IPFW students and faculty react
An IPFW alumnus, who requested to remain anonymous, said it seems the university is steering away from Liberal Art, and wants to be primarily a science, technology, engineering and mathematics school, also known as STEM.
"I just feel like Liberal Arts are being targeted," he said.
(click for audio)
The alumnus said he loved IPFW because of the diversity, small class sizes, the cultural differences, and interaction. However, his concern with USAP was being unaware of what might happen in the future.

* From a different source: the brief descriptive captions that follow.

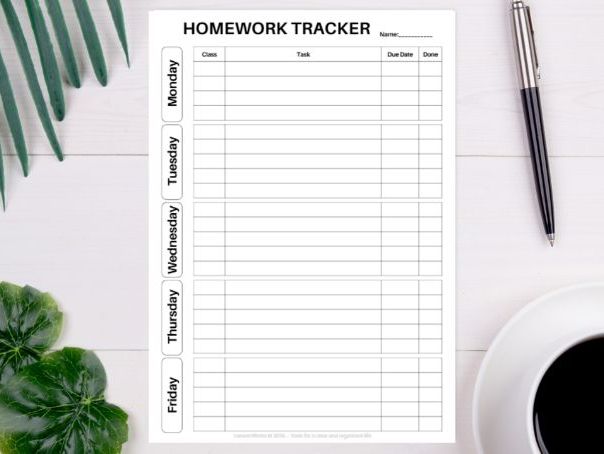 Homework Tracker for Students | Weekly Homework Planner Printable | School Assignment Organiser PDF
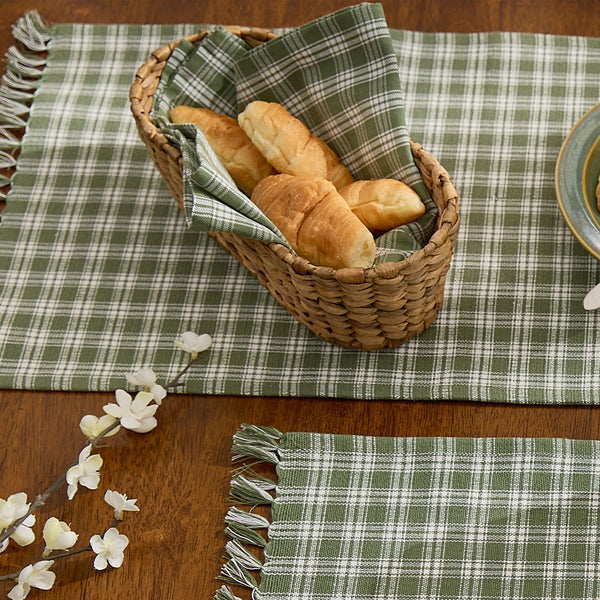 Stafford ivy green plaid dishtowel set of 2 primitive farmhouse kitchen towel
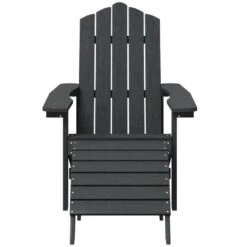 VidaXL - Tuinstoel Adirondack - Antraciet - Polyetheen - Met Voetenbank -Geselecteerde Tuinmeubelwinkel 9523af31778d4aa69640824d06bc2996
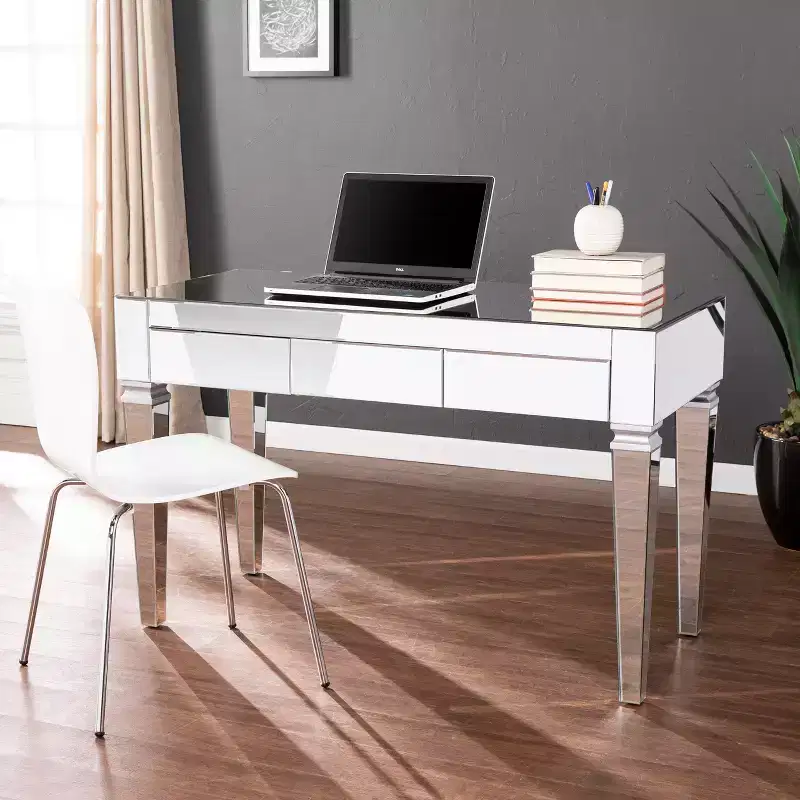 Darien Mirrored Desk - Glam - Silver - SEI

The language programs IPFW offers are very important, as to why he stayed, he said. Knowing a second language is a marketable skill for careers.
“If you know a language, you can gain someone’s trust, and their confidence,” the alumnus said. “Even trying to speak their language, if you don’t know much, might help you win them over as a friend, as a colleague, or as a potential client.”
According to the article, “Language Therapy and Bilingual Aphasia: Clinical Implications of Psycholinguistic and Neuroimaging Research,” more than half of the world is considered bilingual.
Since IPFW was viewed as diverse to the alumnus, he said getting rid of arts and languages would change IPFW’s objective wanting to be a globalized school.
The alumnus said he knows students and friends already leaving IPFW, or switching majors, and thinks no one would want to go back to an unstable university.
According to the IPFW website, the introduction for the USAP states, “Supporting student success -- that's the heart, soul, and goal of the University Strategic Alignment Process (USAP).”
The alumnus said USAP did not listen or take in consideration of student’s opinions.
Alex Sanderson, the Vice President of Legislation of IPSGA, said the idea of IPSGA is to represent the students, and be their voices, but not a lot of people understood what IPSGA is for.
The members of IPSGA said there were threats given at the IPSGA office and threats given to Vicky Carwein, the chancellor.
“If it does change in the aspect, yes, the community might go through a little turmoil because change is hard,” Sanderson said. “Whether there is two student government or just one, or if the name IPSGA has to change, the role for IPSGA will apply, and it will adapt for students since 1964.”
Dr. Benjamin Dattilo, IPFW's geology professor, said you can't throw conflicts away thinking it is a solution.
Dattilo said it is about the ignorance on what's going on underneath us.
“For every city, there is hole from which it was taken,” Dattilo said, meaning there will always be corruptions anywhere you go. It just depends on how the city comes together into solving the situation.
According to the "Chicago Tribune" website, Western Illinois University is going through a similar situation with women studies, philosophy, religious studies, and African-American studies being cut.
The alumnus said it seems the universities in the Midwest area are aiming to become a STEM school. He said that not everyone would be on board to only learn science, technology, engineer and mathematics.